St. Nicholas – His Legend and His Role in the Christmas Celebration and Other Popular Customs (By George H. McKnight, 1917) – Chapter 11

CHAPTER XI
CONCLUSION

And when it pleased our Lord to have him depart out of this world, he prayed our Lord that he would send him his angels, and inclining his head, he saw the angels come to him, whereby he knew well that he should depart, and began this holy psalm: In te domine speravi, unto in manus tuas, and so saying: “Lord into thine hands I commend my spirit,” he rendered up his soul and died, the year of our Lord three hundred and forty-three, with great melody sung of the celestial company.

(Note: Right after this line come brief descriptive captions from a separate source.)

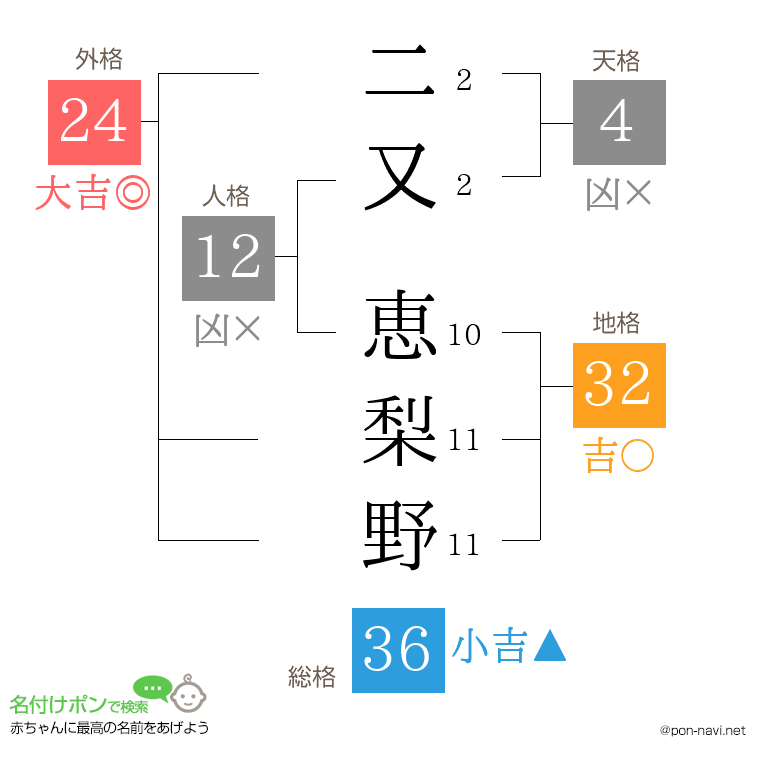 二又 恵梨野さんの姓名判断結果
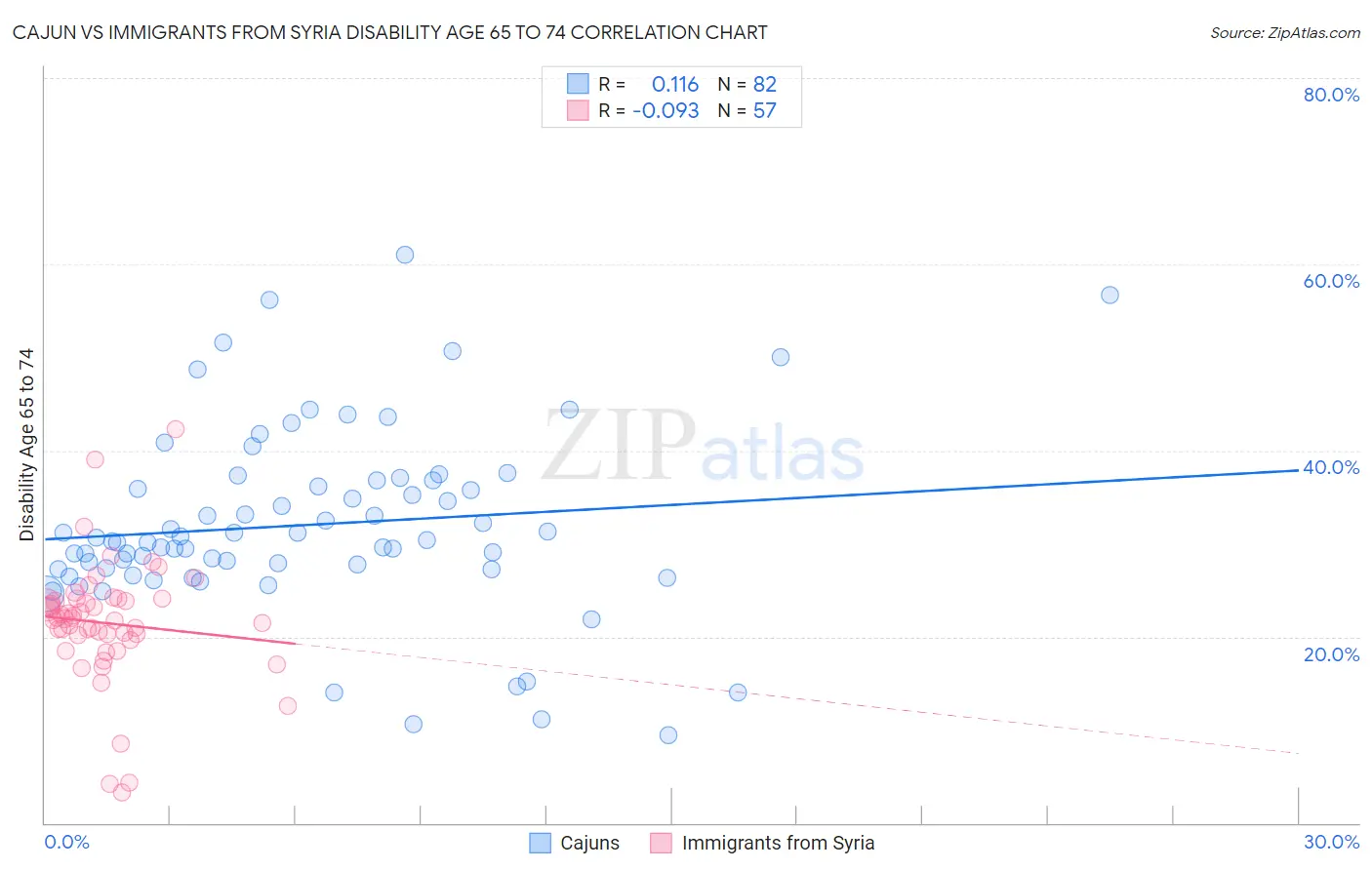 Cajun vs Immigrants from Syria Disability Age 65 to 74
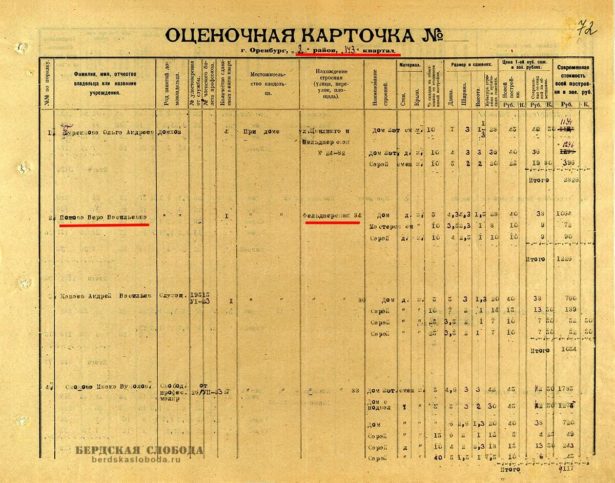 Список домовладельцев 143 квартала на 1923 г. Документ найден и предоставлен Е.Н. Поповым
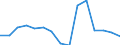 Flow: Exports / Measure: Values / Partner Country: Barbados / Reporting Country: Australia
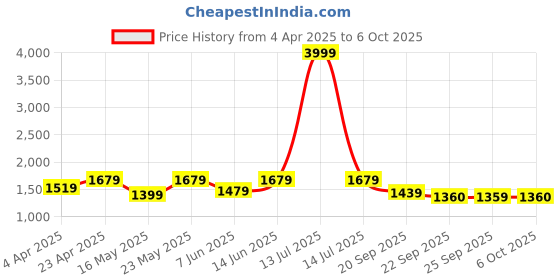 myntra.com 9shines Label Printed Maxi Nightdress 9shines label Price History Graph from 4 Apr 2025 to 4 Oct 2025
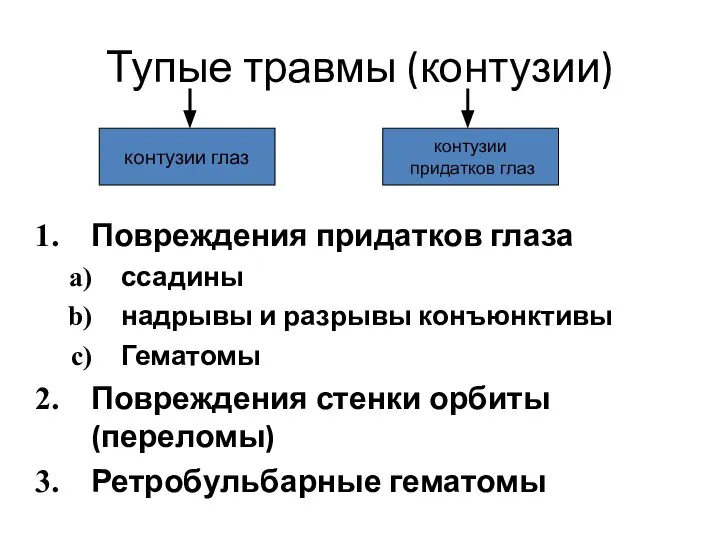 Тупые травмы (контузии) Повреждения придатков глаза ссадины надрывы и разрывы конъюнктивы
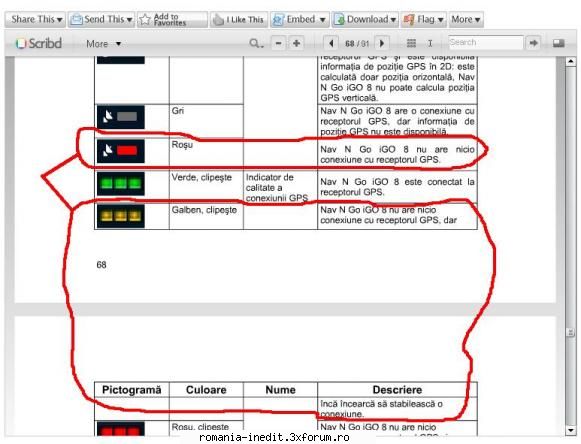 guide 3100 alydor scris:pai semnal satelit l-ai lasat iti ia? sau crezi prinde satelitii prin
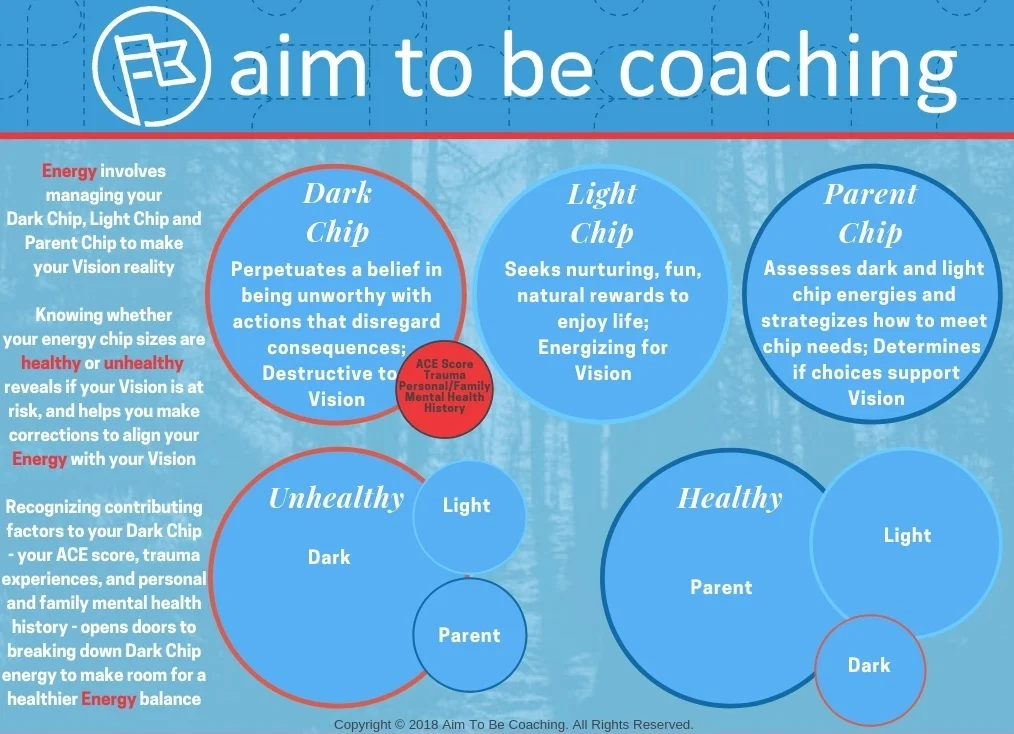 Aim To Be Coaching Energy Overview with ACEs for Web.jpg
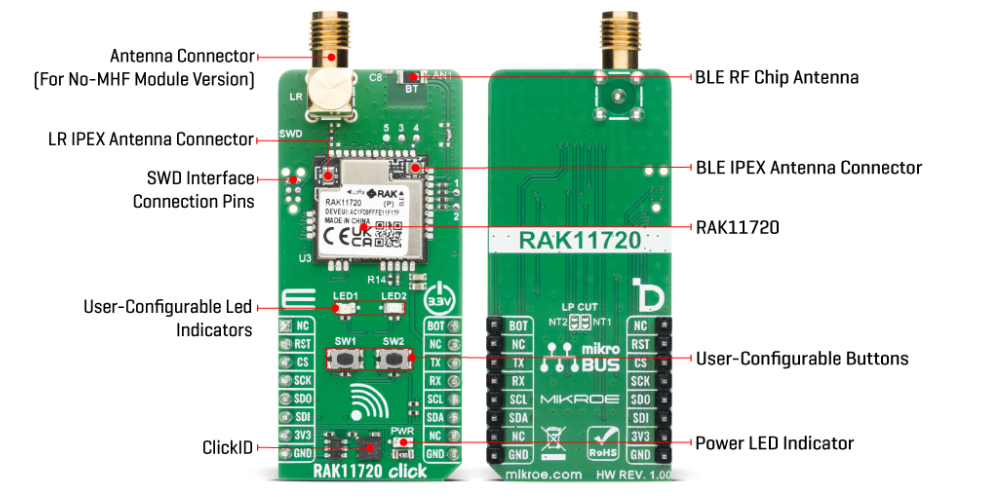 Mikroe SMA RAK11720 Click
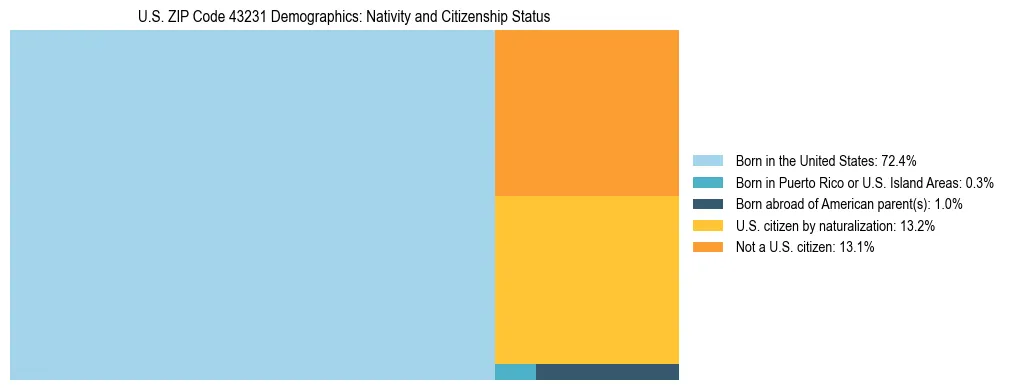 Treemap showing the population distribution by nativity and citizenship status in US ZIP Code 43231 based on U.S. Census data.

This is the Golden Legend account of the end of the earthly life of the kindly bishop-saint. His body was placed in a tomb of marble, and in the year 1087 was discovered by Italian merchants and borne by them to the city of Bari in Italy. There his tomb is a famous center for pilgrimages. On his festival day, many thousands bearing staves bound with olive and pine honor his memory. It is said that when his tomb at Myra was opened, the body was found swimming in oil, and that to this day there continues to issue from his body a holy oil “which is much available to the health and sicknesses of many men.”

St. Nicholas, the guardian of so many things, also keeps guard over his own remains. Wace relates the story of a man carrying off a supposed tooth of the holy saint. In the night St. Nicholas appeared and admonished the thief, and in the morning the tooth was gone.

St. Nicholas was mortal. But his deeds are immortal. His beneficent acts have flowered in legendary story and have found fruition in universal popular customs animated by the same spirit of kindness that pervaded the whole life of the saint. Probably the life history of no other person, save that of the Founder of Christianity himself, has been so intimately woven about human custom and human life as that of St. Nicholas. In certain parts of Siberia he is worshiped as a god. Even in our own country, although we are supposed to have outgrown idolatry, representations of Santa Claus about Christmas time, in shop windows and on street corners, are objects of worship little short of idolatry. To Santa Claus also at Christmas time are addressed the most sincere, even if not the most unselfish, supplications.

We may well conclude our present consideration of St. Nicholas and his works with an invocation to him, using the words composed by the recluse Godric, back in the twelfth century, which form one of the very earliest of English lyrics:

Sainte Nicholaes, godes druth,Tymbre us faire scone hus—At thi burth, at thi bare—Sainte Nicholaes, bring us wel thare.